Przypadek ataku na burmistrza Iłży przy użyciu jajek

Niezwykła sprawa karna z ostatnich lat, która wzbudziła duże poruszenie na terenie województwa mazowieckiego, dotyczy 39-letniego Filipa P., mieszkańca miasta Iłża. Na początku roku 2024, bezpośrednio przed wyznaczonym terminem sesji rady miasta, doszło do zaatakowania ówczesnego burmistrza tą niecodzienną amunicją jaką są jajka. Konsekwencje tego czynu były poważne – Filip P. otrzymał wyrok więzienia oraz został zobowiązany do wypłacenia zadośćuczynienia skrzywdzonemu burmistrzowi. Pomimo apelacji, której rozprawa odbyła się w Sądzie Okręgowym w Radomiu, pierwotny wyrok został utrzymany.

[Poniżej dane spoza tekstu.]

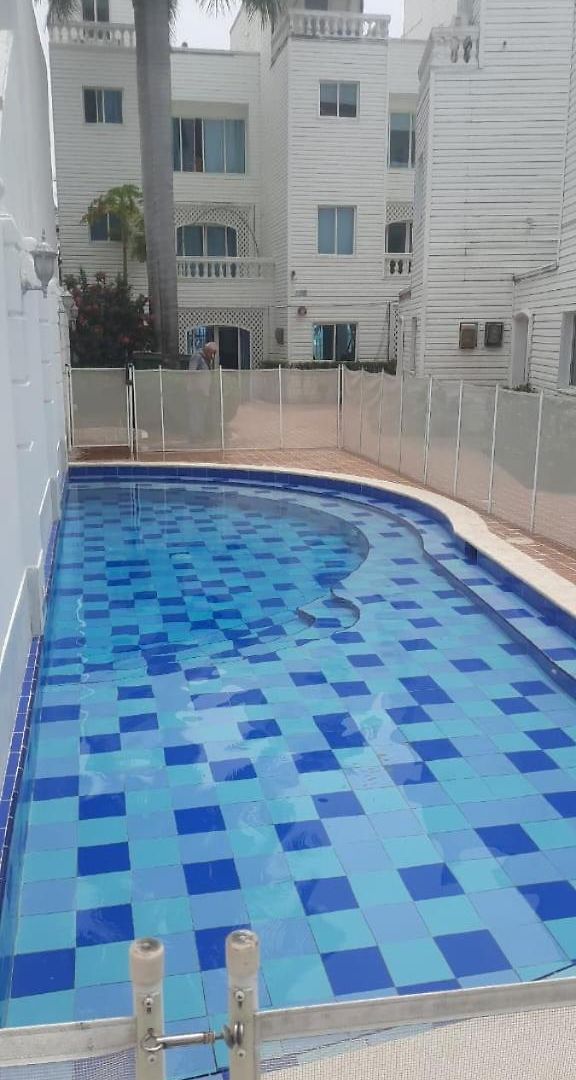 Large House Near Américas Hotel, Shared Pool Сasa de vacaciones *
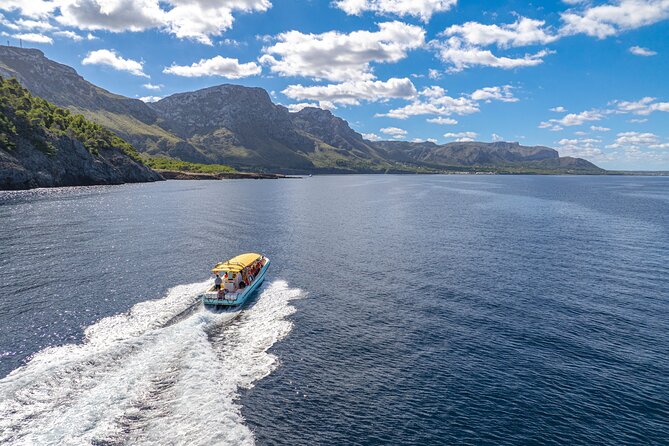 Boat Trip to Llevant Natural Park and Blue Cave - Water Activities and Equipment Provided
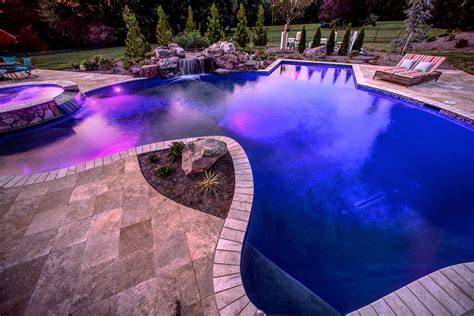 Pentair Pool Lights Installation | Shelly Lighting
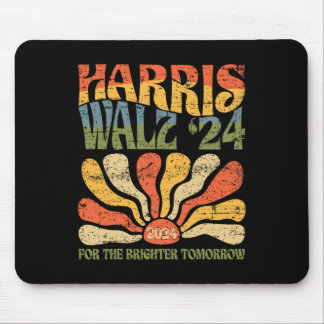 Mousepad Valzer 2024 Eleição Kamala Harris Tim Waltz 2024 5
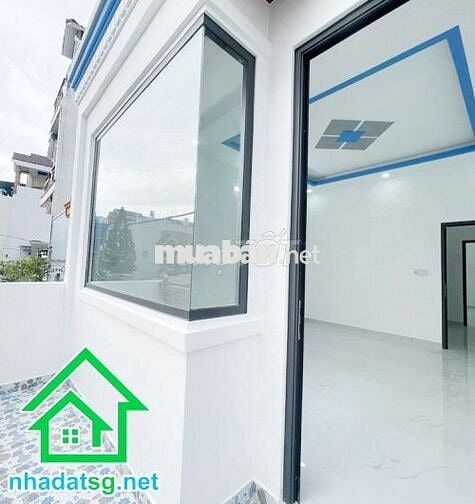 XE HƠI TỚI NHÀ – NHÀ ĐẸP LÊ VĂN QUỚI – GIÁP TÂN PHÚ – 60M² – 2 TẦNG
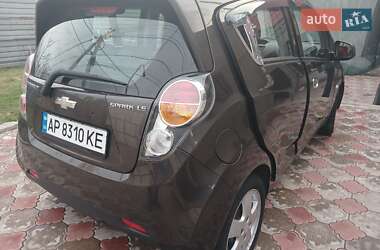 Хэтчбек Chevrolet Spark 2012 в 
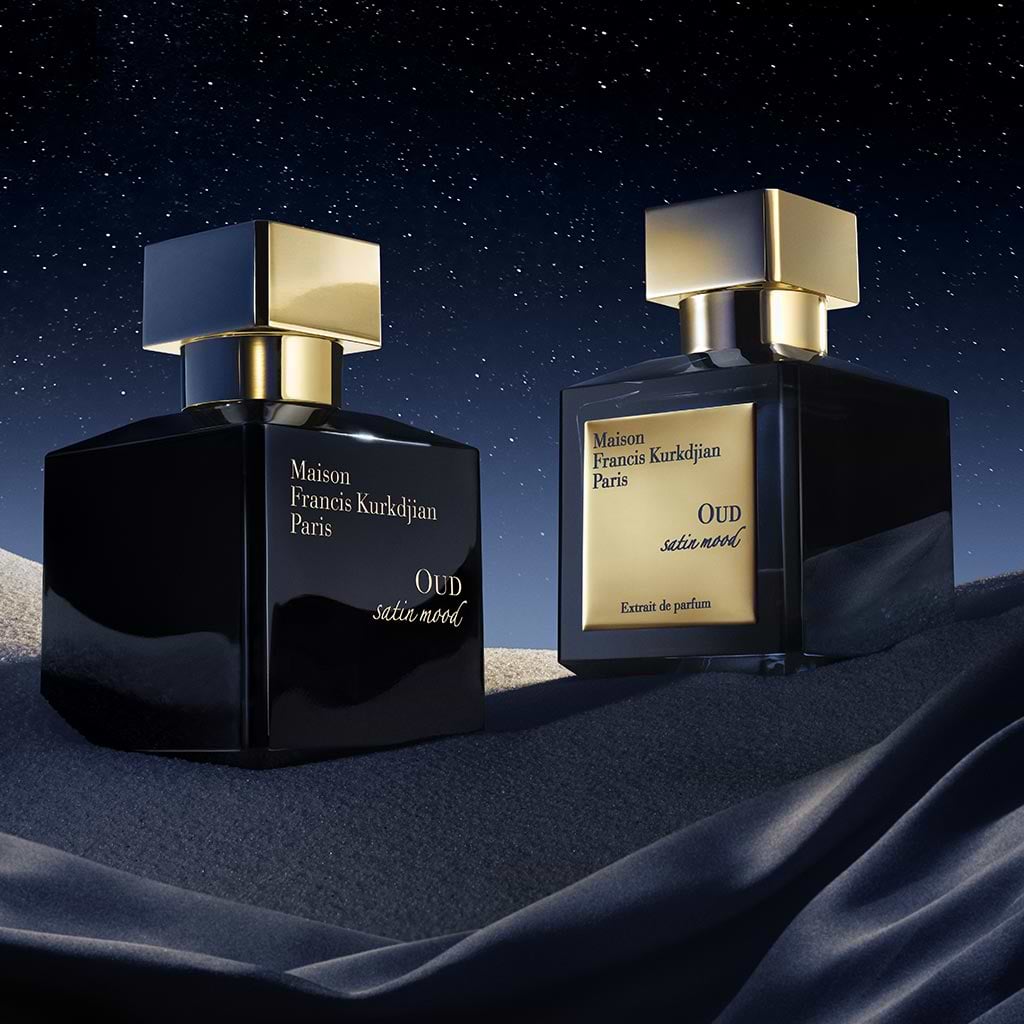 Maison Francis Kurkdjian OUD satin mood Extrait de parfum 70ml - MAISON FRANCIS KURKDJIAN - Duty Free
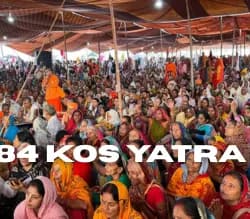 84 Kos Braj Yatra Package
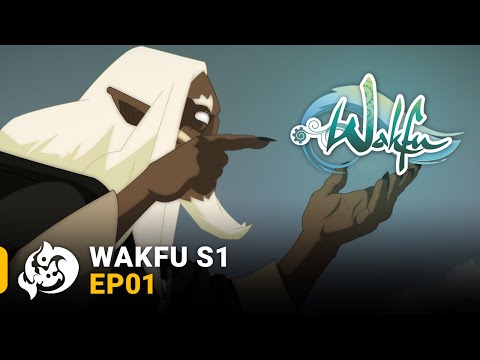 Wakfu saison 1, coffret DVD 1 + DVD 4 — épisode 1 « L’Enfant des Brumes », présent sur le DVD 1, version française officielle, Ankama Animations (22 min 46).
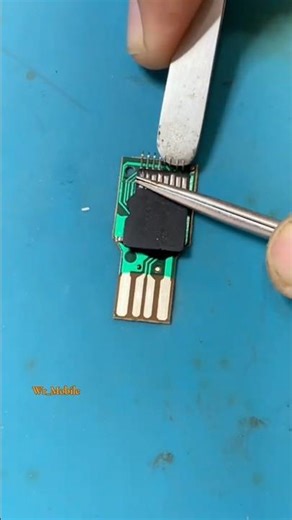 In this video I will show How to make USB with card leader #USB #Shortvideo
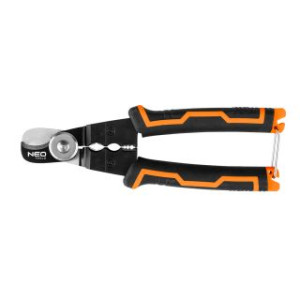 Obcinak do kabli miedzianych i aluminiowych 180 mm TOPEX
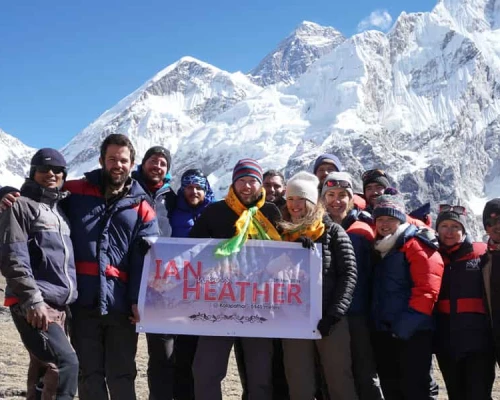 Everest Base Camp Trekking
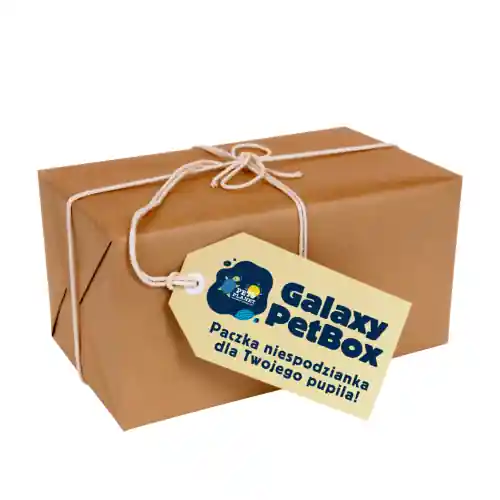 Ograniczona ilość Galaxy PetBox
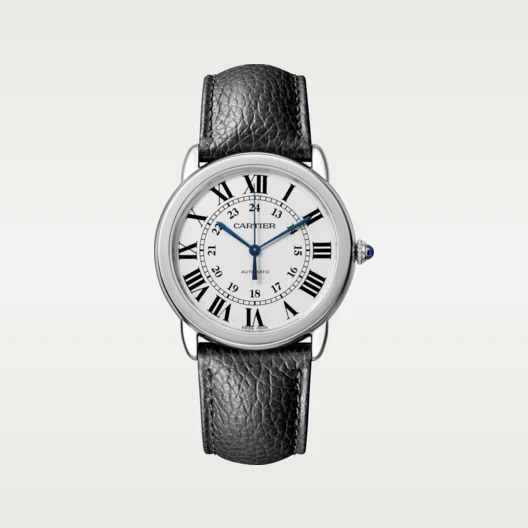 [Super Clone]MONTRE RONDE SOLO Silver Gray 42mm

Kontrowersyjny incydent wywołał głośny echa nie tylko w Iłży, ale również w całym powiecie radomskim. Filip P., tuż przed planowanym spotkaniem rajców miejskich, postanowił poruszyć irytującą go kwestię dawnego wysypiska odpadów, które przeszło proces rekultywacji. Jego zarzut wobec władz miasta dotyczył zdeponowania kilkunastu ton odpadów w odległości zaledwie kilkuset metrów od rzeki Iłżanki. Rzecz jasna, odpowiedź burmistrza nie spełniła oczekiwań 39-latka, co skłoniło go do nietypowego ataku jajkami na samorządowca. Całe zdarzenie zostało udokumentowane i opublikowane w mediach społecznościowych.

W kolejnych wywiadach dla mediów, Filip P. ujawnił drugi powód, który doprowadził go do podjęcia tak drastycznych działań. Twierdził, że motywem jego ataku była nieudolna w jego opinii rewitalizacja zamku w Iłży, opóźniająca się i niewłaściwie przeprowadzana przez lokalne władze.